Critical cert. A developer's laptop used to sign HP distros in 2010 was breached, a malware inserted itself into the signing process, got signed, then mailed itself back home Krebs. The malware wasn't used on HP, instead it was discovered 4 years later by Symantec. Meanwhile the certificate expired, but the cert holder still plans to revoke the certificate, and is expecting support issues as the revoked certificate blocks various and many packages. The base plan is to re-sign, but this does not apply to recovery partitions which can reset software back to factory config. Consequences: No direct damages reported. Indirectly, it could cause chaos if packages actually take the revocation seriously.

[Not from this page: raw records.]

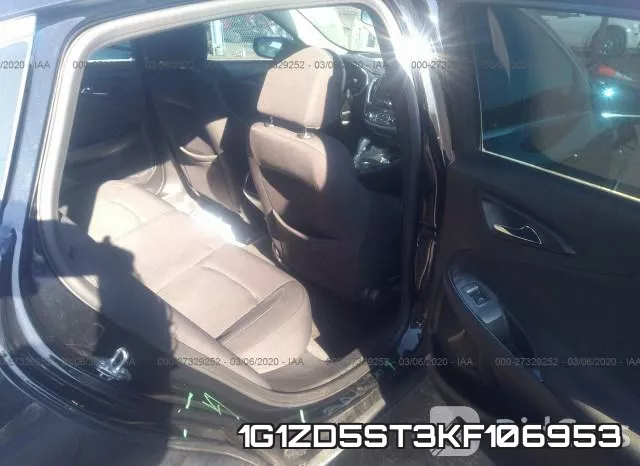 1G1ZD5ST3KF106953 фото 4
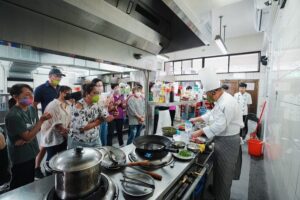 學校午餐「原」味入菜！結合食農教育共同響應8月1日原住民族日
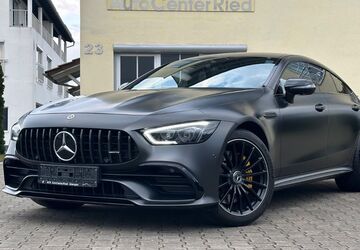 Mercedes-Benz AMG GT 26.500 km 87.990 &euro; Giengen 89537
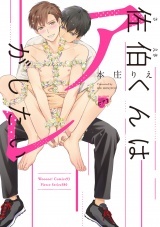 佐伯くんはアレがしたい【全年齢版】 パッケージ画像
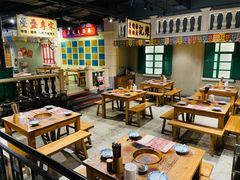 大堂-十六蒲(桂林路店)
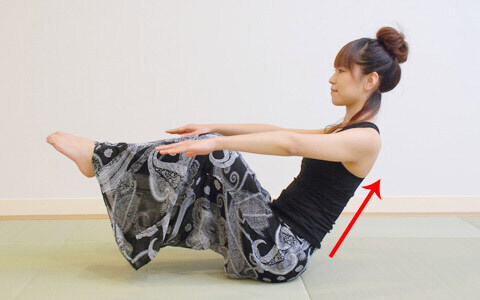 お正月太りで後悔した人へ…ヨガポーズを学んで太りにくいカラダをつくろう【後編】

Playstation. The ECDSA private key for signing PlayStation games was hacked due to not using random numbers in the DSA signatures over games (Wikipedia). Consequences. In theory, the crack means that homebrew developers can sign their own games and bypass the control monopoly over games distribution, with consequent lowering of revenues to Sony and insider game developers. Beyond that?
2010 Regin. GCHQ attacked Belgacom with spearphishing QuantumInsert to insert Regin malware (TheIntercept, f-secure). Malware was signed but the certs were just pretending to be Microsoft code-signing certs. Presumably people would be tricked into thinking these were real certs and Microsoft protection was just buggy. Regin was fingered to be part of 5eyes hacktool kit qwerty. Consequences. Internal systems were breached, customer private communications was grabbed. "Belgacom invested several million dollars in its efforts to clean-up its systems and beef-up its security after the attack. However, [some] believe parts of the GCHQ malware were never fully removed."
2010 APT RSA-RI provided a case study of a multiple-APT (Advanced Persistent Threat) attack on a company that traced back to 2010. Two trojans were found being validly digitally signed by x.509 certificates (Case Study). "Digitally signed malware is rare, and implies a higher level of sophistication from an adversary." Consequences. The case study revealed no consequences, which weakened the effect of the report.
2011.1. False certs. A claimed-lone Iranian attacker, ichsunx2, breached approximately 4 CAs. His best success was to use weaknesses in an Registration Authority to acquire 9 certificates for several high profile communications sites (Zetter). It was claimed that the attacker operated under the umbrella of the Iranian state but no evidence for that was forthcoming. Consequences. No known user damages. Browser vendors revoked-by-patch ioerror.
Same CA also suffered a "compromise of its ‘UTN-USERFirst- Hardware’ certificate" which signed directly 85k certificates including 50 intermediate CAs, bringing it up to a total market-impact of 120k domains (WEIS 2013 Asghari et al). Consequences: unknown, the total market patch is interesting but not germane as yet.
2011.2. DigiNotar. The same attacker, icksunx2, breached a Dutch CA and issued 531 certificates (wikipedia). The CA’s false certs were first discovered in an attack on Google’s gmail service, suggested to be directed against political activists opposed to the Iran government. Controls within the CA were shown to be grossly weak in a report by an independent security auditor (FOX-IT1, FOX-IT3, also see enisa report), and the CA filed for bankrupcy protection (perhaps for that reason). Vendors discovered that revocation was not an option, and issued new browsers that blocked the CA in code. Consequences: Rework by google, and vendor-coordinated re-issuance of software to all browser users. Potential for loss of confidentiality of activists opposed to Iranian government. Many Netherlands government agencies had to replace their certificates. Tantalising hint from Brazil case that the CA may have been hacked by NSA. GCHQ reported MITMs against google (DerSpiegel-GCHQ).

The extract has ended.